MandM78 · December 9, 2020, 4:39pm

Bummer. I was hoping for a simple fix like this.

gdschut · December 9, 2020, 4:51pm

Downgrading docker-ce package to 5.19 version solved the problem for me.
After that I only had to re download the docker images of the hassio addons I use.

Ewout · December 9, 2020, 4:53pm

I did this:

sudo apt-get install docker-ce=5:19.03.14~3-0~ubuntu-focal docker-ce-cli=5:19.03.14~3-0~ubuntu-focal containerd.io

Then restored the latest snapshot.

That seems to do the trick. Simple enough, although I’m stuck with an old version of Docker for now as it seems.

patagona · December 9, 2020, 5:42pm

Had the same issue in Debian.
Installing the old version of docker-ce via

sudo apt-get install docker-ce=5:19.03.13~3-0~debian-buster

and manually pulling the plugin docker images via docker pull got it up and running again.

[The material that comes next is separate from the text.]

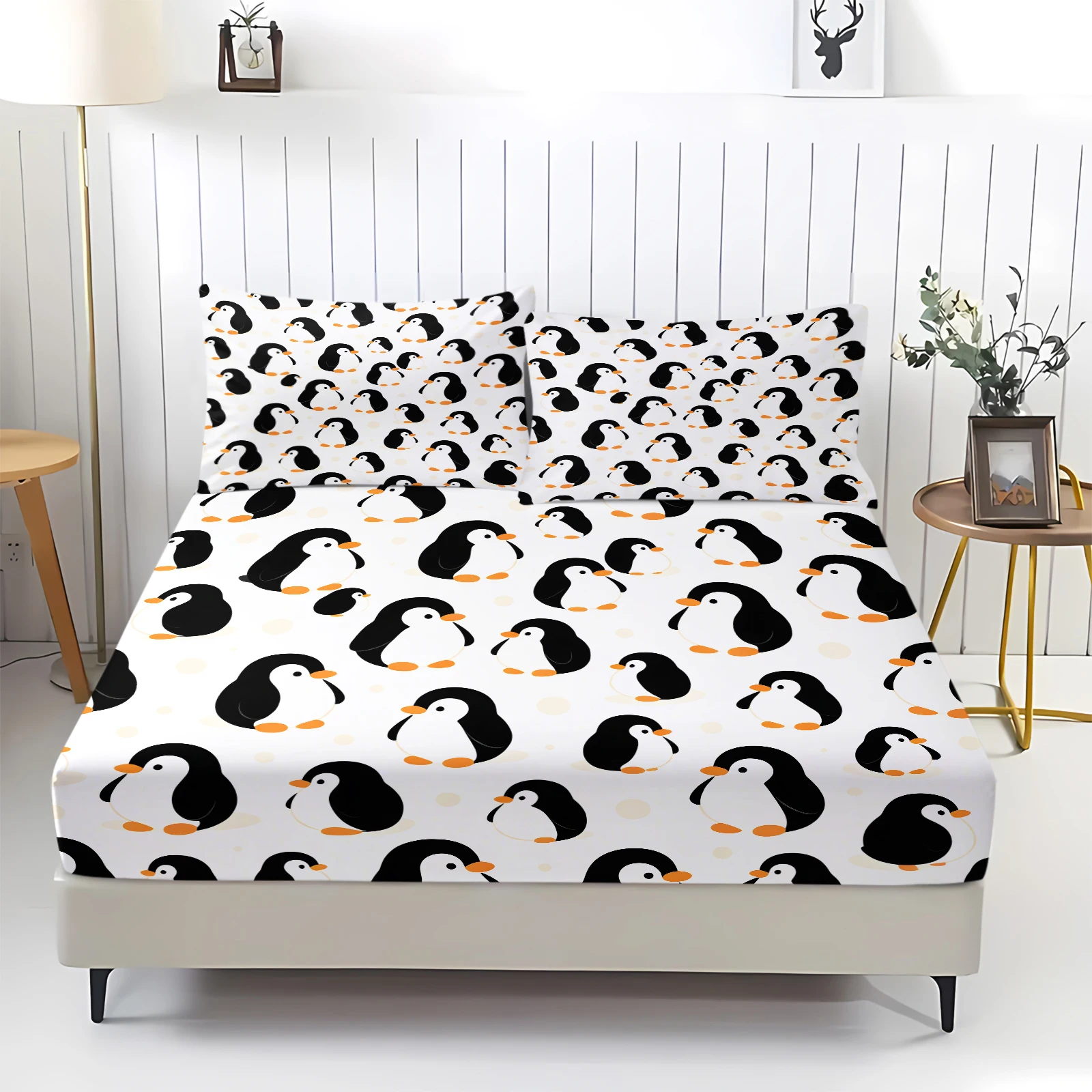Cute Penguin Print Fitted Sheet Set 360° Elastic Mattress Cover with Pillowcase Soft Microfiber Cartoon Animal Pattern Bedding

MandM78 · December 9, 2020, 6:33pm

~~I tried your method and it’s throwing an error saying that:~~

~~E: Version ‘5:19.03.14~3-0~ubuntu-focal’ for ‘docker-ce’ was not found~~
~~E: Version ‘5:19.03.14~3-0~ubuntu-focal’ for ‘docker-ce-cli’ was not found~~

~~Any idea where I messed up?~~

I’m a dope. I’m not running focal… I’m running bionic. Thanks!

arretx · December 10, 2020, 1:45am

Ok, welp…so far so good.

Using Aptitude, I installed the previous version of docker-ce and docker-ce-cli and moments later I was able to get to the HA dashboard.

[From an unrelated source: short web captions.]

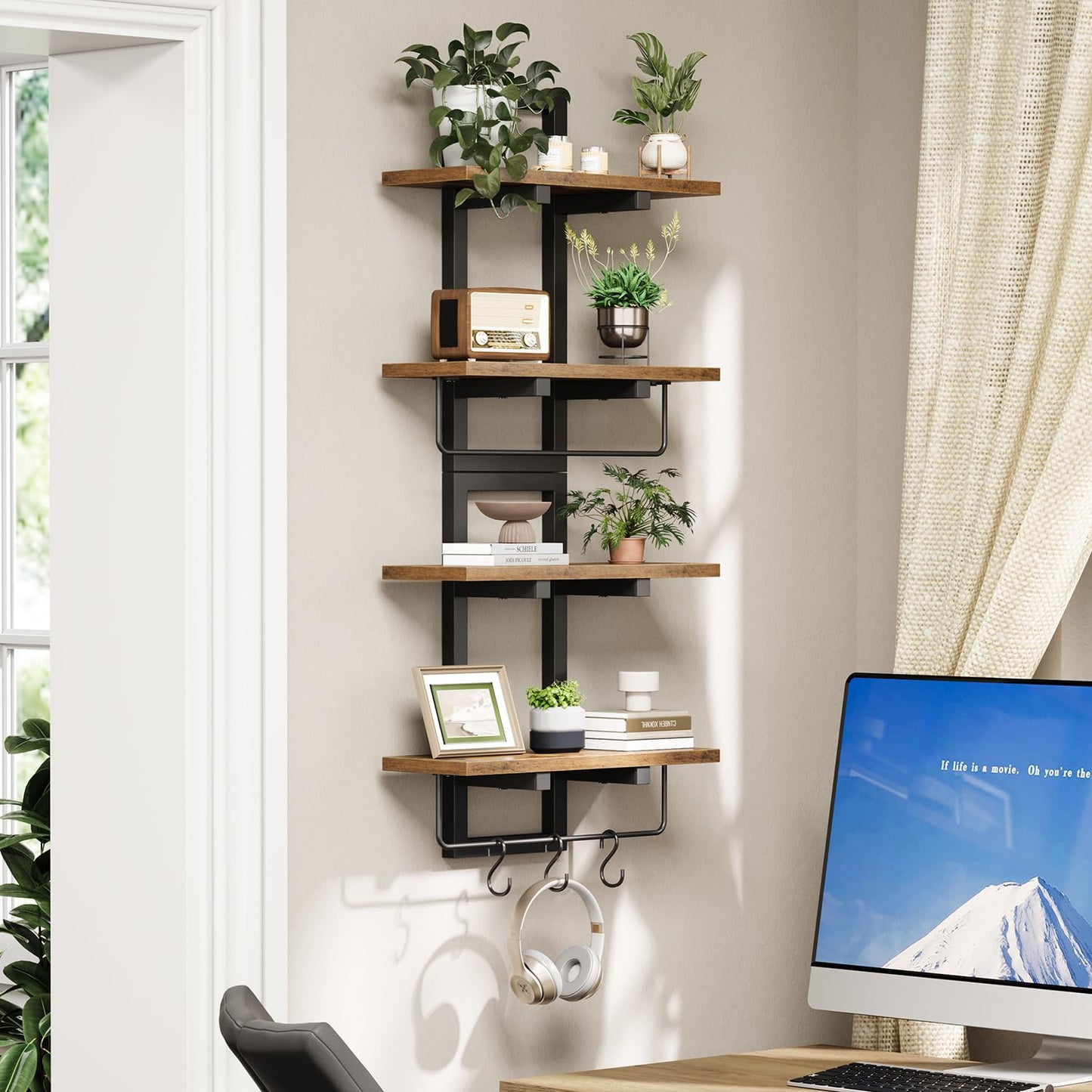 Creso hom Floating Shelves for Wall Set of 2, Wood Wall Shelf with 6 Hooks, 2 Tier Hanging Decorative Storage Shelves for Living Room Bedroom Bathroom Kitchen Office Coffee Bar, Rustic Brown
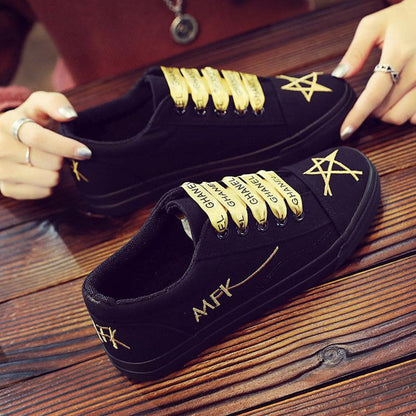 Black Women's Low Heel Sneakers Women's Spring and Autumn Shoes Korean Canvas Shoes All-match Clearance Student Running Shoes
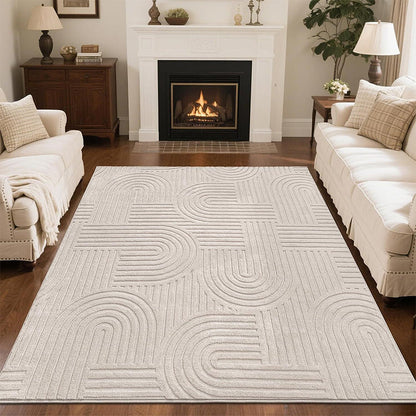 ☁️ Plush Arch Pattern Rug | Soft Textured Floor Carpet with Elegant Curve Design for Cozy Home Decor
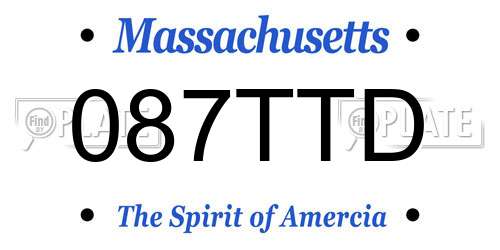 087TTD Massachusetts License Plate
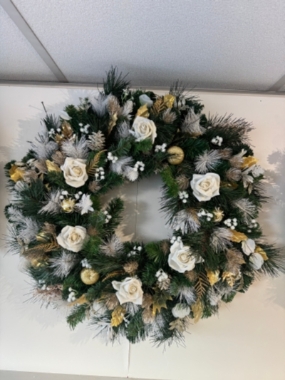 Large Artificial White & Gold Wreath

Under ‘Supervisor’, the add-ons will appear as though they are there, but you’ll need to pull each one of them to get them back online:

sudo docker image pull <imagename>

To get the image name, try starting one of the add-ons. You’ll get a popup error showing you the name of the image, which will be something like:

("No such image: hassioaddons/grafana-amd64:5.3.6")

so this one would be:

sudo docker image pull hassioaddons/grafana-amd64:5.3.6

After that, I used Aptitude to put a hold on docker-ce and docker-ce-cli upgrades.

Now, if only I knew why this happened and how to prevent it…and when I’ll be able to release these so they’ll upgrade.

febalci · December 10, 2020, 11:49am

I have been pulling my hairs since last midnight… I always blamed it to new supervisor requirements when i am on ubuntu 18.04 on Intel NUC. I even updated to Ubuntu 20.04. Now i find this, went back to docker 5.19; everything is fine. Thanks a lot guys, you are the best…

gadric · December 10, 2020, 12:17pm

You are really great guys. Had the problems with Debian buster since yesterday and did not know how to fix this. But the downupgrade to docker 5.19 worked.

Really curious what they did in verison 5.20 …

modem · December 10, 2020, 2:28pm

Same thing happened to me, but in my case the home-assistant_v2.db database got corrupted somehow, so I’ve lost al my history.

pabloluisperez · December 10, 2020, 2:55pm

Same issue here and same solution.
Ubuntu 20 in my case.
Just rollback to 5.19 and everything started as before.
No need to restore a snapshot.

Thank you!